=== Activity ===
From the first line of the listing below through the line with "Warm In The Center Of City *", transcribe exactly and skip the pictures.

=== Given information ===

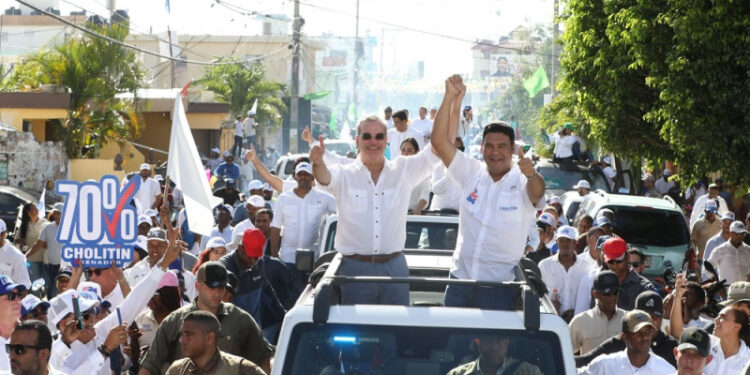 Abinader encabeza caravana en la capital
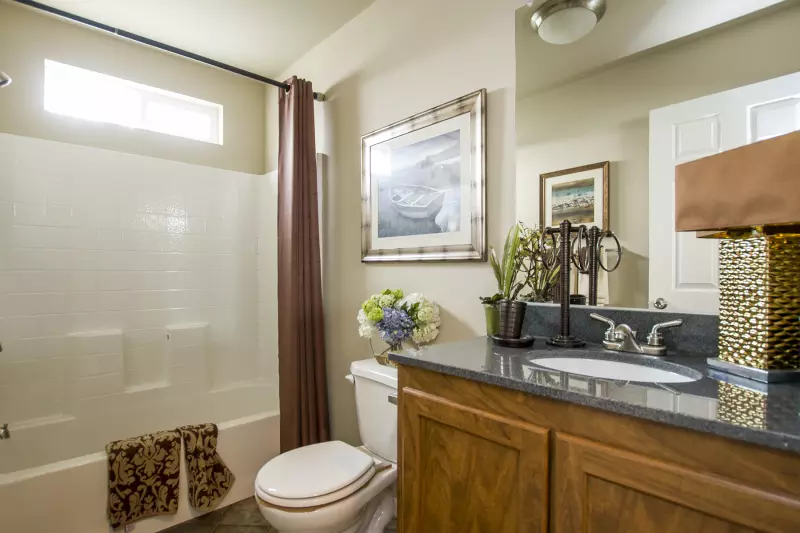 Cm-3443r bathroom home features
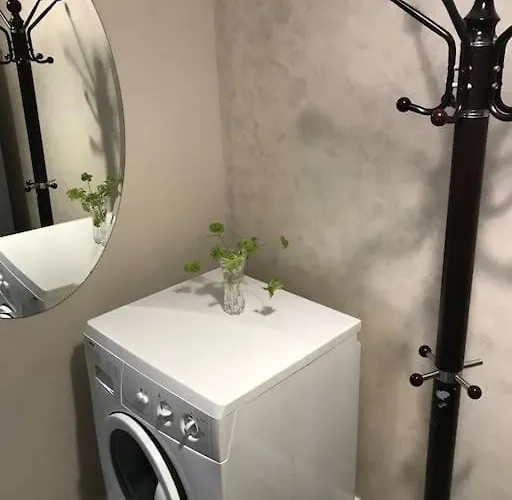 Warm In The Center Of City *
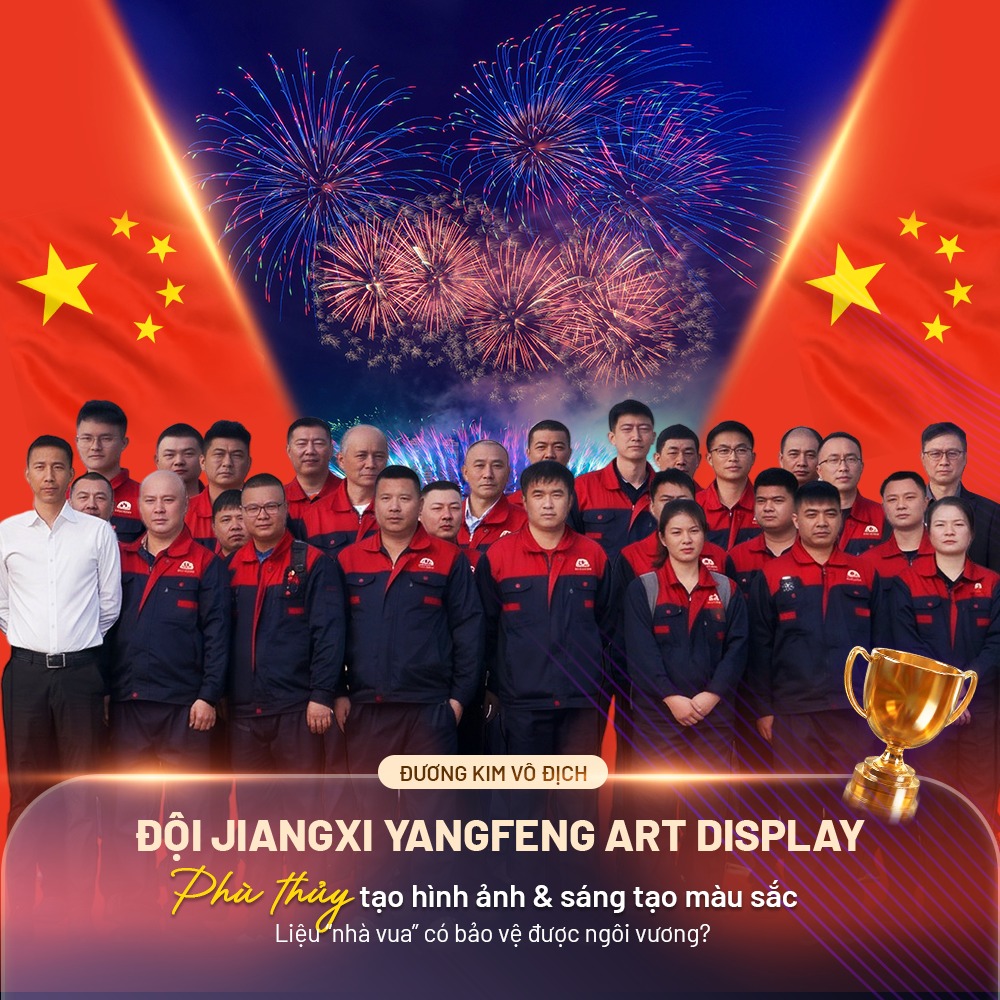 Đội Jiangxi Yangfeng Art Display chụp ảnh kỷ niệm tại Bà Nà Hills, Đà Nẵng, với pháo hoa rực rỡ và cờ Trung Quốc trong nền, thể hiện tinh thần đoàn kết và sáng tạo.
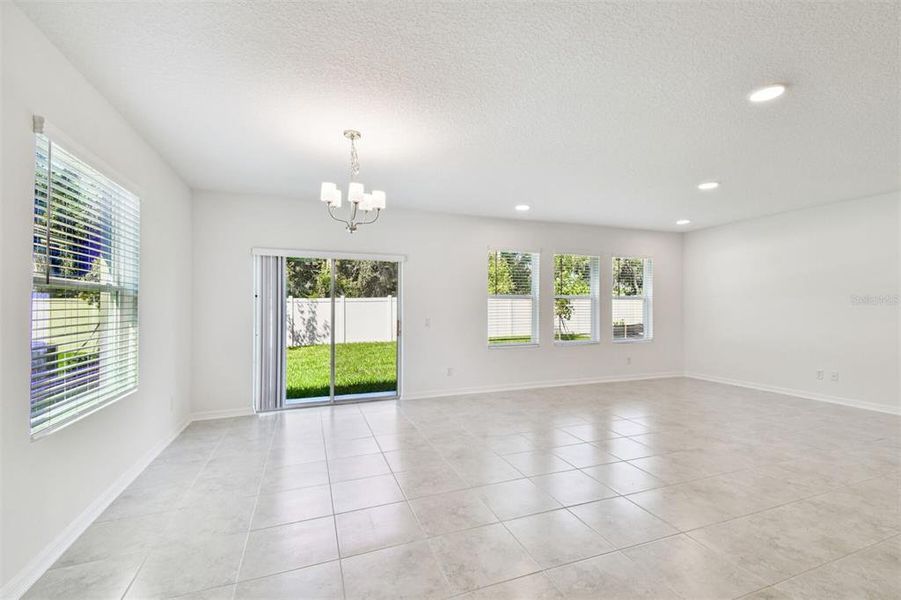 Spacious, unfurnished interior of a new home in Meadow Oaks, Hudson (Image 15).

=== Written solution ===
 Abinader encabeza caravana en la capital
 Cm-3443r bathroom home features
 Warm In The Center Of City *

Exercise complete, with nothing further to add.